» Work request
Exactly reproduce the lines from the one holding "10x Natural PVDF" through the final line of the listing below, with both ends included and nothing else.
--
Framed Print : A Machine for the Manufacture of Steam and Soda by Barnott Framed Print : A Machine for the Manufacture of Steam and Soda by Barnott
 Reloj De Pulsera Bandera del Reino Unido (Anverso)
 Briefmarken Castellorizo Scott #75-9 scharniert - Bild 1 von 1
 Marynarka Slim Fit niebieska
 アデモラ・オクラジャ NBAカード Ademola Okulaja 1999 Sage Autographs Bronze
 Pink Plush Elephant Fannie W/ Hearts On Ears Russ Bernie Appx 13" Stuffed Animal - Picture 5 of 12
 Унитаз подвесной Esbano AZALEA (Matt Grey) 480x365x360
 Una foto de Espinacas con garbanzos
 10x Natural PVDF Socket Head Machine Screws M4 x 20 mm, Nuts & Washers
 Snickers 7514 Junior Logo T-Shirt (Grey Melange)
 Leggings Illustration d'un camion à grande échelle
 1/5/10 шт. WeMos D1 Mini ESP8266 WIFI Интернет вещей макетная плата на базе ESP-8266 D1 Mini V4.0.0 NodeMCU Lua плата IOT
--
» Your response
 10x Natural PVDF Socket Head Machine Screws M4 x 20 mm, Nuts & Washers
 Snickers 7514 Junior Logo T-Shirt (Grey Melange)
 Leggings Illustration d'un camion à grande échelle
 1/5/10 шт. WeMos D1 Mini ESP8266 WIFI Интернет вещей макетная плата на базе ESP-8266 D1 Mini V4.0.0 NodeMCU Lua плата IOT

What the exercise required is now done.